* [ASSIGNMENT]: Should an entry contain an image, leave the image out and repeat the entry's text exactly.

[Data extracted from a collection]

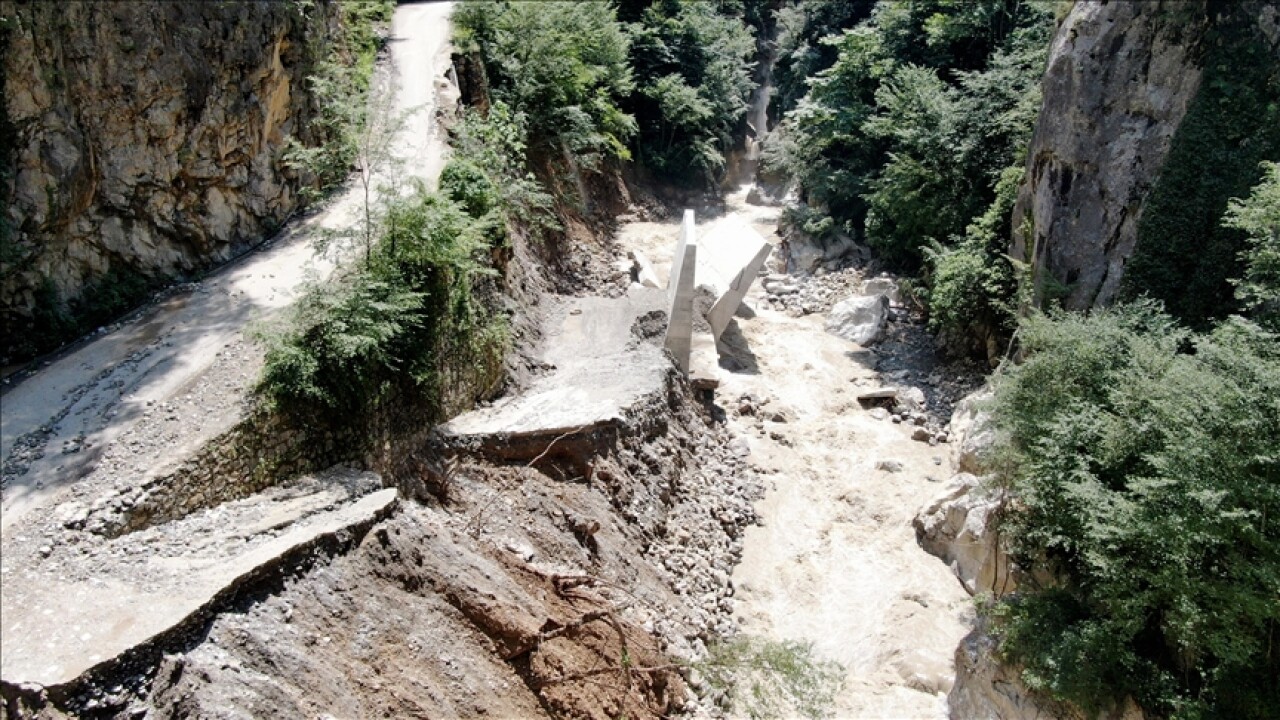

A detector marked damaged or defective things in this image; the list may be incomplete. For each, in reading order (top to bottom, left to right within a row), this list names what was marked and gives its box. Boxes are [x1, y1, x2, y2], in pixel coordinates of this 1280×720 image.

broken concrete slab [664, 242, 696, 374]
broken concrete slab [700, 212, 768, 338]
broken concrete slab [1, 470, 396, 688]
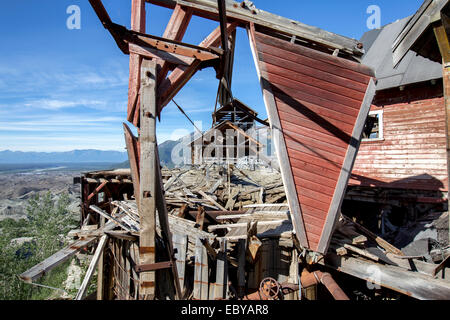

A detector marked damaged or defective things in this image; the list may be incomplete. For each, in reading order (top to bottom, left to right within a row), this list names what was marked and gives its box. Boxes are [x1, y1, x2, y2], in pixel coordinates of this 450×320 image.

broken window [362, 110, 384, 140]
rusty pulley wheel [258, 278, 280, 300]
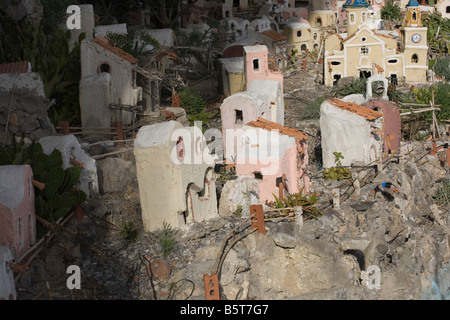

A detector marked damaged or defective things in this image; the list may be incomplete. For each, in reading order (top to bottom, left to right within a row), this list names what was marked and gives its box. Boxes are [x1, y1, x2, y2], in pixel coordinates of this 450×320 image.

rusty metal piece [204, 272, 220, 300]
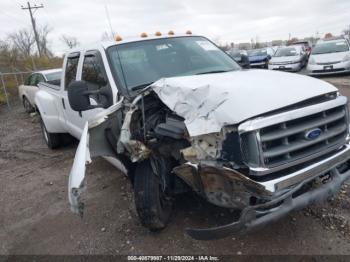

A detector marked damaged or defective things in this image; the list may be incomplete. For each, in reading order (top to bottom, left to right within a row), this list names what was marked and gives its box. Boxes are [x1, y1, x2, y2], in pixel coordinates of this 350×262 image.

crumpled hood [152, 69, 338, 137]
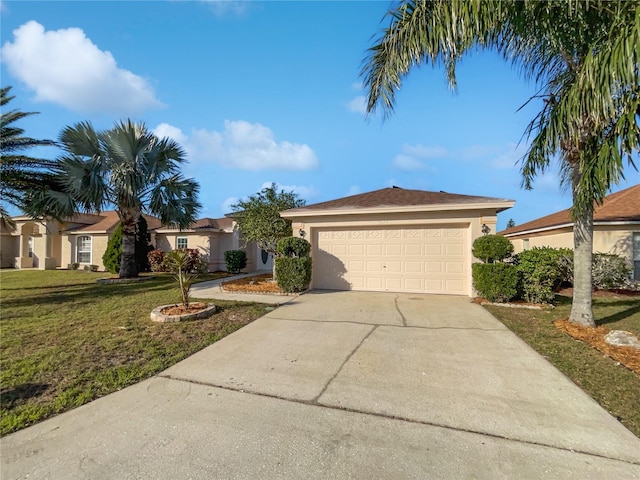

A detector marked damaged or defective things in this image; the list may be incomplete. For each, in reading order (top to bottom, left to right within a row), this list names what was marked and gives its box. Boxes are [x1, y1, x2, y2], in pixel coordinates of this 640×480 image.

driveway crack [392, 296, 408, 326]
driveway crack [308, 324, 376, 404]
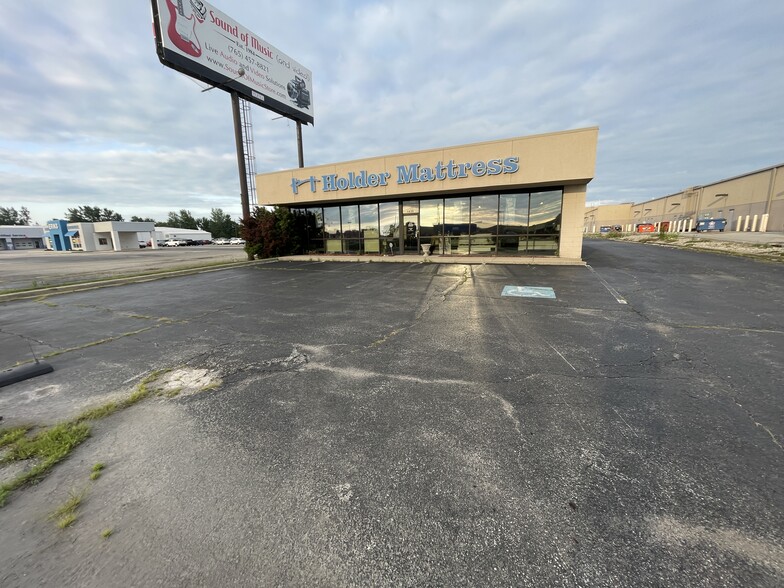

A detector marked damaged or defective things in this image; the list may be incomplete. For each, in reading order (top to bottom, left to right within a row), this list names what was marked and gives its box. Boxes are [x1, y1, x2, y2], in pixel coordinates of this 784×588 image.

cracked asphalt [0, 240, 780, 588]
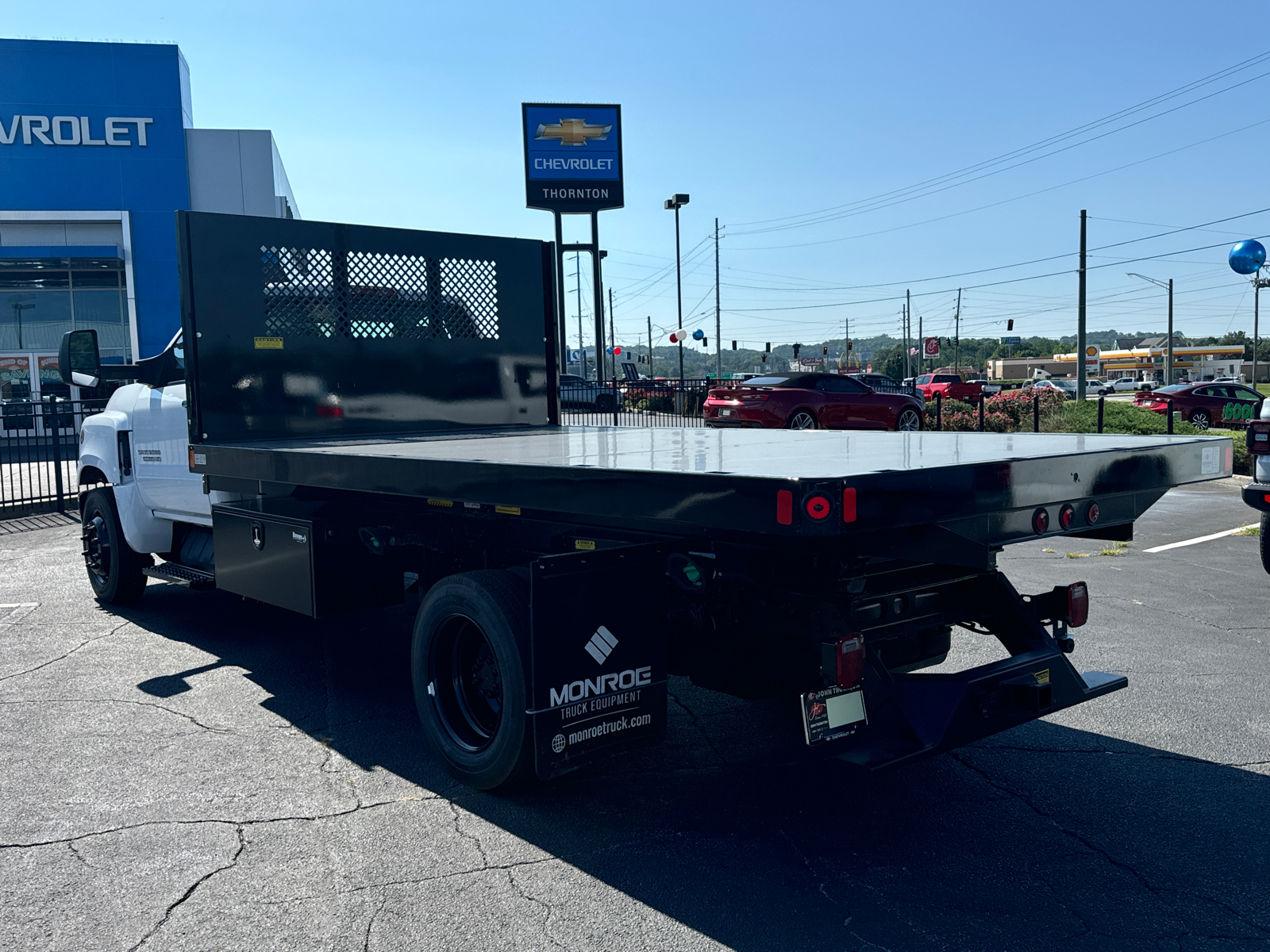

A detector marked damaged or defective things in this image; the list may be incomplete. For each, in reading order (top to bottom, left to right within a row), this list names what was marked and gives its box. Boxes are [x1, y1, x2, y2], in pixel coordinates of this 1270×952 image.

cracked asphalt [0, 479, 1264, 946]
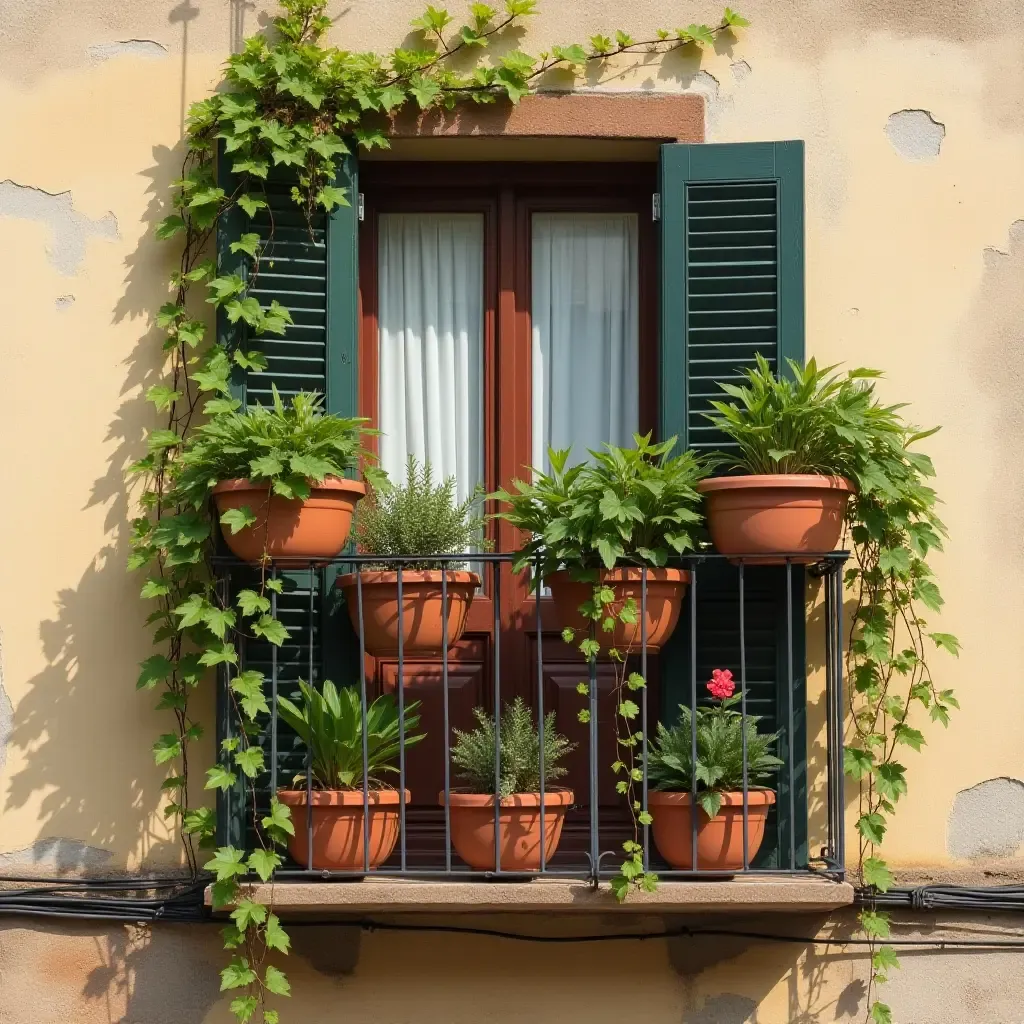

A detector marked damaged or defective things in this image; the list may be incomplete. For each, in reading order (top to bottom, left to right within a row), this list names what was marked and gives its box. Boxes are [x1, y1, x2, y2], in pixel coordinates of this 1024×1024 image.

* [TASK RESPONSE]:
A detector marked damaged or defective things in this image; the list may be incomplete. For each, in reading order (top to bottom, left to right within a row), this list names what was marked and gives its box. Boxes are [x1, y1, x2, y2], in pixel coordinates of this 1280×720 image.

broken concrete slab [664, 242, 696, 374]
broken concrete slab [700, 212, 768, 338]
broken concrete slab [1, 470, 396, 688]

A detector marked damaged or defective things in this image; the list may be incomplete. For each, in reading order (top to bottom, left to right within a row), this list names what was marked and gives its box. Boxes are [x1, y1, x2, y2], in pixel coordinates of this 450×320 image.

broken window [362, 110, 384, 140]
rusty pulley wheel [258, 278, 280, 300]

A detector marked damaged or defective things in this image; the list may be incomplete. For each, in reading order (top to bottom, left to right within a row), this list names what was marked and gives its box. Boxes are [x1, y1, x2, y2], in pixel coordinates of this 450×320 image.

rusty metal piece [204, 272, 220, 300]

A detector marked damaged or defective things in this image; the list may be incomplete. For each, in reading order (top to bottom, left to right within a row), this list names what was marked and gives its box. Boxes are [x1, y1, x2, y2], in pixel coordinates of this 350×262 image.

crumpled hood [152, 69, 338, 137]

A detector marked damaged or defective things in this image; the list may be incomplete. For each, in reading order (top to bottom, left to right within a row), this list names what was marked and gives its box. Boxes are [x1, y1, x2, y2], in pixel coordinates of this 640×480 image.

driveway crack [392, 296, 408, 326]
driveway crack [308, 324, 376, 404]

A detector marked damaged or defective things in this image; the list may be incomplete. For each, in reading order (top to bottom, left to right within a row), this list names what was marked and gives its box. Boxes are [x1, y1, x2, y2], in pixel coordinates of this 784×588 image.

cracked asphalt [0, 240, 780, 588]

A detector marked damaged or defective things in this image; the list may be incomplete. For each, in reading order (top to bottom, left to right within a row), this list names what was marked and gives its box. Boxes are [x1, y1, x2, y2], in pixel coordinates of this 1270×952 image.

cracked asphalt [0, 479, 1264, 946]

A detector marked damaged or defective things in this image; the list may be incomplete. For each, in reading order (top to bottom, left to right within a row), this list names what was marked and gives its box. Boxes are [x1, y1, x2, y2], in pixel coordinates of this 1024×1024 image.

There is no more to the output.